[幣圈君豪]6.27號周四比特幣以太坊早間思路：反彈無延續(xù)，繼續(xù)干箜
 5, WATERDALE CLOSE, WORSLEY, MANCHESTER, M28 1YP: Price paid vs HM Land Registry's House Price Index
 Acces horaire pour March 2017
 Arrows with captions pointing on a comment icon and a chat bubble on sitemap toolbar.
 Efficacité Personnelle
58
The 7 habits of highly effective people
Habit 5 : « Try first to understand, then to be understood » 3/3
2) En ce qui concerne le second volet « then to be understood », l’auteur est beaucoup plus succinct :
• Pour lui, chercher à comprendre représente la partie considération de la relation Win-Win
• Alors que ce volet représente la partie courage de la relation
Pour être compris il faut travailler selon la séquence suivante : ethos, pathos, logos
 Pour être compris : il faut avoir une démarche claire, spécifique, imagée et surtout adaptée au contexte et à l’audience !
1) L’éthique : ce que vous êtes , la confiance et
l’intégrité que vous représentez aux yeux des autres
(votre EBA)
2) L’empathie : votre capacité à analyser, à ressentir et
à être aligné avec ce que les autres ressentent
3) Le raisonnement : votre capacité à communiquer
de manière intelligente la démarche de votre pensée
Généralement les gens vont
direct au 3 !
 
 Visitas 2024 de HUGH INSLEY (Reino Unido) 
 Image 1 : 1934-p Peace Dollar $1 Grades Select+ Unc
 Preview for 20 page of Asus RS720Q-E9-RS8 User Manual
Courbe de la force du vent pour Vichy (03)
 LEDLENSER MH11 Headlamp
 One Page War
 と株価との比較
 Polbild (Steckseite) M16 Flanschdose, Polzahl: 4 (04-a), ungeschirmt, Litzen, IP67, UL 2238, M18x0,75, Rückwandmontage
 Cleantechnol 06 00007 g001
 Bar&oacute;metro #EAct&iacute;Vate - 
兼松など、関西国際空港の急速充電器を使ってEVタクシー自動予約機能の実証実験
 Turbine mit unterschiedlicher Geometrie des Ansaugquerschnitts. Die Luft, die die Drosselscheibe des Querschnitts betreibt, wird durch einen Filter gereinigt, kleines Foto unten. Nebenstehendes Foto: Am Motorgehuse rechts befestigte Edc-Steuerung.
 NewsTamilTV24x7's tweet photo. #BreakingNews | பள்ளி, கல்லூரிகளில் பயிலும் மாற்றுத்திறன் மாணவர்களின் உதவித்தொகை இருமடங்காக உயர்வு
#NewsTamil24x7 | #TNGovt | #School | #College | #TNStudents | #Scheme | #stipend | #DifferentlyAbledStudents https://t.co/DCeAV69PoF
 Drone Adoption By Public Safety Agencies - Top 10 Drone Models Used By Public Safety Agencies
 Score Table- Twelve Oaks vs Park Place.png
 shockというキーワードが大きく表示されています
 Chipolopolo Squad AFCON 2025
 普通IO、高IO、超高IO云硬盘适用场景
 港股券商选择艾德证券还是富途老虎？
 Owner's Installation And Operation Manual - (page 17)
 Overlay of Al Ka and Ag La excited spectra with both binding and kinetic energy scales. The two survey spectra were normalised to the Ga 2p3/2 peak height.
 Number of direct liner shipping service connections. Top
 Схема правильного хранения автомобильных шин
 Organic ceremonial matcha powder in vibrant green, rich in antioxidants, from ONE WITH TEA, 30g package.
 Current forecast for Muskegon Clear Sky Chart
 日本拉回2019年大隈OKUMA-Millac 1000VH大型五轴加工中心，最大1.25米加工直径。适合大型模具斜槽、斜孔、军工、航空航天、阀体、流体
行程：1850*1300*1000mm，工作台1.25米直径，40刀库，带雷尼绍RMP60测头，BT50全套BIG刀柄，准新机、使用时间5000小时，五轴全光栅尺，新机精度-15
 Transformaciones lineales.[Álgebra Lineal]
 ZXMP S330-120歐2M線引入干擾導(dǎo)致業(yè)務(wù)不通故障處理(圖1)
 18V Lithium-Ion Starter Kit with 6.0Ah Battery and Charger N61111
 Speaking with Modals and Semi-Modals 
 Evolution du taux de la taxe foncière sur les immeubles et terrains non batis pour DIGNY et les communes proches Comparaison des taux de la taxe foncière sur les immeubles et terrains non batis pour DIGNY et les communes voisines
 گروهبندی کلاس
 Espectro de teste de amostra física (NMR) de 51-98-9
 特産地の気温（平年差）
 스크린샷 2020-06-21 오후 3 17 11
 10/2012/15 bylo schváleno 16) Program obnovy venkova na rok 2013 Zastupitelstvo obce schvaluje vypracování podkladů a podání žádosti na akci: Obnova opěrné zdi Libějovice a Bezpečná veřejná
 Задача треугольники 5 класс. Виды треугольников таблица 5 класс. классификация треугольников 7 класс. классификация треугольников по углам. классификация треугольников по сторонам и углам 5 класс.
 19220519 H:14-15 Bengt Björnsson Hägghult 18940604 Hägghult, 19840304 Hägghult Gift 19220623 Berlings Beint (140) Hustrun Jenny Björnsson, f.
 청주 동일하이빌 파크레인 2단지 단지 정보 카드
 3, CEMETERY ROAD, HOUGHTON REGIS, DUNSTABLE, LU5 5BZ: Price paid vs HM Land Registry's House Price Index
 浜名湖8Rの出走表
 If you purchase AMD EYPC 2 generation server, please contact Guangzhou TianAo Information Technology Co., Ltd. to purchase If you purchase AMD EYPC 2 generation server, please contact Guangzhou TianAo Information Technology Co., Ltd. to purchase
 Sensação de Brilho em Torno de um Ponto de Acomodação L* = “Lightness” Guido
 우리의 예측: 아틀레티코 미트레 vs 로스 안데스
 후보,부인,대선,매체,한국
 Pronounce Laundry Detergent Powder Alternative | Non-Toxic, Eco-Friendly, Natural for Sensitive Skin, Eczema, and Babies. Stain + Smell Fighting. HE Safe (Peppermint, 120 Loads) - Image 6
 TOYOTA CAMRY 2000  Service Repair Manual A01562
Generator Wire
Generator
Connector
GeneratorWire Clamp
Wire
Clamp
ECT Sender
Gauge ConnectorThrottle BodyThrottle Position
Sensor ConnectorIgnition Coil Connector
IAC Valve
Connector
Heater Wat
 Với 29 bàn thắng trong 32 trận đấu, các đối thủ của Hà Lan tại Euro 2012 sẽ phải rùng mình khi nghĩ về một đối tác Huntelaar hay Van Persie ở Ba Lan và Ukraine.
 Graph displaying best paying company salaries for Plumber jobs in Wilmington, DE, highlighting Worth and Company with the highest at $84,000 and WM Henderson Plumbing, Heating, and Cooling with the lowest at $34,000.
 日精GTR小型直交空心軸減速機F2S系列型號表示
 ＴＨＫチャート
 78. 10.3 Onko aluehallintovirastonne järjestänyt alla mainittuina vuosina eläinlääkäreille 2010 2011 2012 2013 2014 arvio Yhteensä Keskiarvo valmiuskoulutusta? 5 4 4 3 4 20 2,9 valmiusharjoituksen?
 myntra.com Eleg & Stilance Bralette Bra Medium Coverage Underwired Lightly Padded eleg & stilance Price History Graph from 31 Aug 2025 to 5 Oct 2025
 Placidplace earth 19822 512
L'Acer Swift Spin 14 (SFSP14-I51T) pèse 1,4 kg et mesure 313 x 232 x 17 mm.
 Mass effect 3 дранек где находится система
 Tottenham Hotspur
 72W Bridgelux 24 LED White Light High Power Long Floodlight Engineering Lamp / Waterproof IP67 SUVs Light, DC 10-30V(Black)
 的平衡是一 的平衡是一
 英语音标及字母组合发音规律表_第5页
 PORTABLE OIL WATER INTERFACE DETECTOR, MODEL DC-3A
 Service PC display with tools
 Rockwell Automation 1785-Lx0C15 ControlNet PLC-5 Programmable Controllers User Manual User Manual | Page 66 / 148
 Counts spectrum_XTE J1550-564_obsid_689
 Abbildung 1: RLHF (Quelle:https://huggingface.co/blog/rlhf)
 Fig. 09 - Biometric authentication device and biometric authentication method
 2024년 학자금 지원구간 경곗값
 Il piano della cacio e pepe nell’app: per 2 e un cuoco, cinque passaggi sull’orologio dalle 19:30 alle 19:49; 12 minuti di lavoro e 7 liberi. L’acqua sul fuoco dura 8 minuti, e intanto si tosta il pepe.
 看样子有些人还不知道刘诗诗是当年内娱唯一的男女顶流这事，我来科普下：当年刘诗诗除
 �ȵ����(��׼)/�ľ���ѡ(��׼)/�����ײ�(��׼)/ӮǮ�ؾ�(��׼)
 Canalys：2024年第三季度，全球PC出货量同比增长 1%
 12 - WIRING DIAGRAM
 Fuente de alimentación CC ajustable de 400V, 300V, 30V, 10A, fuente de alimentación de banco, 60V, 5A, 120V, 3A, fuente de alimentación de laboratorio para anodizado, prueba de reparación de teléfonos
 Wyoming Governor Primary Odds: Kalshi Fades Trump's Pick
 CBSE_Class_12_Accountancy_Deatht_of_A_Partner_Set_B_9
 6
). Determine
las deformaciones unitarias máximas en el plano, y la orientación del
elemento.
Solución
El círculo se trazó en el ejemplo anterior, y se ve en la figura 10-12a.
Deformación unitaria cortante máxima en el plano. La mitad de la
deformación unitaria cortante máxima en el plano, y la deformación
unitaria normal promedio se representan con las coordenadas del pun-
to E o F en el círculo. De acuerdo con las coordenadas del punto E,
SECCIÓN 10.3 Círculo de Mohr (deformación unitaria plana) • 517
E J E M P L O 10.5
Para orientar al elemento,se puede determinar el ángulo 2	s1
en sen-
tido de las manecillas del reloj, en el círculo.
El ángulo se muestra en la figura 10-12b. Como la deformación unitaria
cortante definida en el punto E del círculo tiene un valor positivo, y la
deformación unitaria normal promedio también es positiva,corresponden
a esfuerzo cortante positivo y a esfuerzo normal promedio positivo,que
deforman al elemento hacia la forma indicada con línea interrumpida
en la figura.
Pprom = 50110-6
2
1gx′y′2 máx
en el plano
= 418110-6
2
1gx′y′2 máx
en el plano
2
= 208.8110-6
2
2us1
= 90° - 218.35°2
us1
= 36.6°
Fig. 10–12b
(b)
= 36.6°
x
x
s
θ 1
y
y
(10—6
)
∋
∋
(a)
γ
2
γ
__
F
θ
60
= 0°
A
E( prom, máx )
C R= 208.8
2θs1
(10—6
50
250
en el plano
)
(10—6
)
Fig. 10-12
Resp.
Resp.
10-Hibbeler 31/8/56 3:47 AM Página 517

● ● ● ● ●

Repeat exactly, please, each line from the beginning of the data through the line with "courage de la relation" in it, and only those lines.

▶ **EXERCISE SOLUTION**:
[幣圈君豪]6.27號周四比特幣以太坊早間思路：反彈無延續(xù)，繼續(xù)干箜
 5, WATERDALE CLOSE, WORSLEY, MANCHESTER, M28 1YP: Price paid vs HM Land Registry's House Price Index
 Acces horaire pour March 2017
 Arrows with captions pointing on a comment icon and a chat bubble on sitemap toolbar.
 Efficacité Personnelle
58
The 7 habits of highly effective people
Habit 5 : « Try first to understand, then to be understood » 3/3
2) En ce qui concerne le second volet « then to be understood », l’auteur est beaucoup plus succinct :
• Pour lui, chercher à comprendre représente la partie considération de la relation Win-Win
• Alors que ce volet représente la partie courage de la relation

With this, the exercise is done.